Some elements have very precise meaning, as in "this is an image", "this is a heading", or "this is an ordered list." Others are less specific, such as "this is a section on the page" or "this is part of the text." Yet others are used for technical reasons, such as "this is identifying information for the page, so do not display it." Regardless, in one way or another all HTML elements have a semantic value.

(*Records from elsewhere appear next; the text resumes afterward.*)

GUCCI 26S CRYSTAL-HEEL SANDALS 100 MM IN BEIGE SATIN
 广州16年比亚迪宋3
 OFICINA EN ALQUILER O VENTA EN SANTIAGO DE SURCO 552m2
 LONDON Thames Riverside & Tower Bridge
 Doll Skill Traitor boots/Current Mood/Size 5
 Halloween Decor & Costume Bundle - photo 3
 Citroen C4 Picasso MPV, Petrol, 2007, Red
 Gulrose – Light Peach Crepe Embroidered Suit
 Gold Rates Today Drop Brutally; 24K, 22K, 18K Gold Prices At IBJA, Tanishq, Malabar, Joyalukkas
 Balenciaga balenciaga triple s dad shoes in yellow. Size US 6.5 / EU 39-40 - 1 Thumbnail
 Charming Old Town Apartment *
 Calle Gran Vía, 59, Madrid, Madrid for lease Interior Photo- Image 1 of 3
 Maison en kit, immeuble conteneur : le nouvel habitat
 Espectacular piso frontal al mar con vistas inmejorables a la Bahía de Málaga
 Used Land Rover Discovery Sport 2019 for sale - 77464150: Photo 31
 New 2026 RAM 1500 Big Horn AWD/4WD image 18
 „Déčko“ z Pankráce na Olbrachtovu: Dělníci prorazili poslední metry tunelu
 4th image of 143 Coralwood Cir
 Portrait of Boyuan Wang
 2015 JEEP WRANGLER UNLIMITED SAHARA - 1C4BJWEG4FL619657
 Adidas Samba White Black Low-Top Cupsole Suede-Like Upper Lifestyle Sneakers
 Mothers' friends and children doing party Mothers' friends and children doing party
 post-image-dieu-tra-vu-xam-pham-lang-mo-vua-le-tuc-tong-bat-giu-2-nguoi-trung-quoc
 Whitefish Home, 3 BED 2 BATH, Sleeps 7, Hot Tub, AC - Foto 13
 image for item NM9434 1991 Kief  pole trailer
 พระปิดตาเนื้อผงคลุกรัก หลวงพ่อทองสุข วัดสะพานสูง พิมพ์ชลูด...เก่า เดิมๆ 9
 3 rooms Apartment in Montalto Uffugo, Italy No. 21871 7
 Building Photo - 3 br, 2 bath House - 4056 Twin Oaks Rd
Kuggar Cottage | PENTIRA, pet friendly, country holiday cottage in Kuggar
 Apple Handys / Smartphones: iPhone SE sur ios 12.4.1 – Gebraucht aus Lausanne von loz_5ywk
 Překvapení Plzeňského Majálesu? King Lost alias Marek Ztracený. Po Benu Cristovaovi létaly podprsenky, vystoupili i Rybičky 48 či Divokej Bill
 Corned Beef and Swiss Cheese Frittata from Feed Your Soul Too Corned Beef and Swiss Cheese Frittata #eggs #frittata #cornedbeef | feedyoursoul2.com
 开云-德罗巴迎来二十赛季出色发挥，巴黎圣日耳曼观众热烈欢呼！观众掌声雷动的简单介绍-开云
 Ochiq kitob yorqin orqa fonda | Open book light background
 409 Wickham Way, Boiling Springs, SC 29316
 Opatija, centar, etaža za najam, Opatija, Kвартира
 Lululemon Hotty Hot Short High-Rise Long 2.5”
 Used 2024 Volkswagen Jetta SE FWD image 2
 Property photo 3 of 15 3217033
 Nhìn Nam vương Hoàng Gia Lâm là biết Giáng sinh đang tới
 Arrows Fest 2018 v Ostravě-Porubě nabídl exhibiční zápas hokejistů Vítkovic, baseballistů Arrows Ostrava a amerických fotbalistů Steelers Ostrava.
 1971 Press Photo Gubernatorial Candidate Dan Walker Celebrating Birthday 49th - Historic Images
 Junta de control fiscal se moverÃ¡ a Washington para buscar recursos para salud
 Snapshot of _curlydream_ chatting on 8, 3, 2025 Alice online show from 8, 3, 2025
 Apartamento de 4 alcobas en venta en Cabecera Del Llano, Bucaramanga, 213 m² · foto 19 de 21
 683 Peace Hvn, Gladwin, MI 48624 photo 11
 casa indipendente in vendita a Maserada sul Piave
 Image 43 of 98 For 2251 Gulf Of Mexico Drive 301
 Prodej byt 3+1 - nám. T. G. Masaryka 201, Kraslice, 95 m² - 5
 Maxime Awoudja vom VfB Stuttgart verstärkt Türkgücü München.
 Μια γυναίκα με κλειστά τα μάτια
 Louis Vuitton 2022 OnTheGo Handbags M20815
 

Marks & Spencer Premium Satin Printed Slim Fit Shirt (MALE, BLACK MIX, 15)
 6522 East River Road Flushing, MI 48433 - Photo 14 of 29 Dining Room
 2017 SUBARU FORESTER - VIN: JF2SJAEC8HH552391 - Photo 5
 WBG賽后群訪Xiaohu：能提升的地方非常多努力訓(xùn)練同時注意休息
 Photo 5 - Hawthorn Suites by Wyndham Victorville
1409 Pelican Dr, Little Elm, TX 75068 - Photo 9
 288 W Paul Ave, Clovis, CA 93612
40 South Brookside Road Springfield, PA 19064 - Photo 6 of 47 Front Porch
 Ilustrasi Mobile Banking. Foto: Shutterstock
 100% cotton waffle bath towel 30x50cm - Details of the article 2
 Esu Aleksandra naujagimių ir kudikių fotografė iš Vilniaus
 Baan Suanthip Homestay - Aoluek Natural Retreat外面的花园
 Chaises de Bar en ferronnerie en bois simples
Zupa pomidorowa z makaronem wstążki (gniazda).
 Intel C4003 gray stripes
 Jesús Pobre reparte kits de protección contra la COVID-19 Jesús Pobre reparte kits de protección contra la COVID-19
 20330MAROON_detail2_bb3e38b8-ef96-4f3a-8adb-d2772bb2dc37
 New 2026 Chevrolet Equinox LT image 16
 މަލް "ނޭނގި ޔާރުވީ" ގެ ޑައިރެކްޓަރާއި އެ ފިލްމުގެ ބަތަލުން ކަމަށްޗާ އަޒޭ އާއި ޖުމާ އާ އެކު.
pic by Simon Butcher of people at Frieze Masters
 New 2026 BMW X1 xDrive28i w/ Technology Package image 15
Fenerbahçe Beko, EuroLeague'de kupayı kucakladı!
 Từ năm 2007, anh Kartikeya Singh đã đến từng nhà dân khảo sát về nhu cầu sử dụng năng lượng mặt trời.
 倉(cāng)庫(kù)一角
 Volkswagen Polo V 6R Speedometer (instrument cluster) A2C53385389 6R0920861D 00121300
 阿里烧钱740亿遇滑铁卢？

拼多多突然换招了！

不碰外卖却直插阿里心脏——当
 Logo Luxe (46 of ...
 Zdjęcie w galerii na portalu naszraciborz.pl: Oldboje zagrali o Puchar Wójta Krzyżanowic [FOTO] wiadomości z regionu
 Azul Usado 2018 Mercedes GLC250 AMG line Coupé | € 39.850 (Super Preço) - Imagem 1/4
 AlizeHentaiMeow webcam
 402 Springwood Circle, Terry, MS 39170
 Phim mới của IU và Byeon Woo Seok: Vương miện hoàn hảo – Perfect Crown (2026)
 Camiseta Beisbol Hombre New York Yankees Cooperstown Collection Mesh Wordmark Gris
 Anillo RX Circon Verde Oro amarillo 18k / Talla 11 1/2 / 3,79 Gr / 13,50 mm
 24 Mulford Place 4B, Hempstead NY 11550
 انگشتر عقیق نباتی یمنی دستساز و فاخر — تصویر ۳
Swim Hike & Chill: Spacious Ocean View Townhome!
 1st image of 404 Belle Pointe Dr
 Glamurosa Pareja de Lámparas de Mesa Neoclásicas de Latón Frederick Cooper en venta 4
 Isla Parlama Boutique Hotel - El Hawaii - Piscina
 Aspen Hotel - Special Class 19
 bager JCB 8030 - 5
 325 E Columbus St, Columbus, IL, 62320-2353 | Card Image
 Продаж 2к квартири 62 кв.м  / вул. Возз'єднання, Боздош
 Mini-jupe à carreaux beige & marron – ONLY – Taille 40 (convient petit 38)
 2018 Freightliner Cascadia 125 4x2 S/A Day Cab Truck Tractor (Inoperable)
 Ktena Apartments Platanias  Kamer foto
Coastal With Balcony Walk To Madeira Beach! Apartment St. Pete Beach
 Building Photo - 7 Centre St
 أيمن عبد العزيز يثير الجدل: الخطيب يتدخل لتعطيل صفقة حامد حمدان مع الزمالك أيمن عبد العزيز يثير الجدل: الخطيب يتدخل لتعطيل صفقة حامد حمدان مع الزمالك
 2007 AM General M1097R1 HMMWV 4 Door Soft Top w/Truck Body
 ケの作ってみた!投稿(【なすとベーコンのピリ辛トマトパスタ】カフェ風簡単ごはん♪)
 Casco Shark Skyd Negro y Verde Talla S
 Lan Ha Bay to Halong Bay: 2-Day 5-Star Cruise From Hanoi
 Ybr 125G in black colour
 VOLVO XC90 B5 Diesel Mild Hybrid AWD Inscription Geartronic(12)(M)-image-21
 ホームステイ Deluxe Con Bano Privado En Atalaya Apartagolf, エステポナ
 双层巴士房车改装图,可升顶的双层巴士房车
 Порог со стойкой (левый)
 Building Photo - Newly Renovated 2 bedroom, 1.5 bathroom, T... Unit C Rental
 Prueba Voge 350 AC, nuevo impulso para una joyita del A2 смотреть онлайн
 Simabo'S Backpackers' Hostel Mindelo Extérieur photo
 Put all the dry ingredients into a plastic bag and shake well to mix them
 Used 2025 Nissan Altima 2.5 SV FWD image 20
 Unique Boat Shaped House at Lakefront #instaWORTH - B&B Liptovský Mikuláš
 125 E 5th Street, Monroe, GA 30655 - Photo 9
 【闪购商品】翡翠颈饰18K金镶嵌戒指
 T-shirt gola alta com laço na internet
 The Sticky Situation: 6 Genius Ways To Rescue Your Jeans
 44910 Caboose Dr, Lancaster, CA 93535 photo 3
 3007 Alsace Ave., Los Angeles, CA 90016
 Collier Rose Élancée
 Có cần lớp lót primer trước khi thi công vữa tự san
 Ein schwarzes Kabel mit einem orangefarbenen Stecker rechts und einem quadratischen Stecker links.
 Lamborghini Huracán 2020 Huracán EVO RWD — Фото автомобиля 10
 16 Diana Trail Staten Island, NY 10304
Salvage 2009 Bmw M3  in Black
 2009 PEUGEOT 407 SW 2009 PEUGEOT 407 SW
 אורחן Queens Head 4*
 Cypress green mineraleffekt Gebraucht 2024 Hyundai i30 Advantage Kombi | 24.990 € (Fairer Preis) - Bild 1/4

Most elements may contain other elements, forming a hierarchical structure. A very simple but complete webpage looks like this:

<html>
  <head>
    <title>A minimal web page</title>
  </head>
  <body>
    <p>You are in the beginning stage of learning HTML.</p>
  </body>
</html>

As you can see, the <html> element surrounds the rest of the document, and the <body> element surrounds the page content. This structure is often thought of as a tree with branches (in this case, the <body> and <p> elements) growing from the trunk (<html>). This hierarchical structure is called the DOM (document object model).

Tags

HTML documents are written in plain text. You can write HTML in any text editor that lets you save content as plain text (e.g. Notepad, Notepad++, or Sublime Text),  but most HTML authors prefer to use a specialized editor that highlights syntax and shows the DOM. You may use uppercase for tag names, but the W3C (the global consortium that maintains the HTML standard) recommends using lower case (and XHTML requires lower case).

HTML attaches special meaning to anything that starts with the less-than sign ("<") and ends with the greater-than sign (">"). Such markup is called a tag. Make sure to close the tag, as some tags are closed by default, whereas others might produce unexpected errors if you forget the end tag. 

Here is a simple example:

<p>This is text within a paragraph.</p>

In this example there is a start tag and a closing tag. Closing tags are the same as the start tag except with a forward slash immediately after the leading less-than sign. Most elements in HTML are written using both start and closing tags. To write valid code, you must properly nest start and closing tags, that is, write close tags in the opposite order from the start tags.

This is an an example of valid code:

<em>I <strong>really</strong> mean that</em>.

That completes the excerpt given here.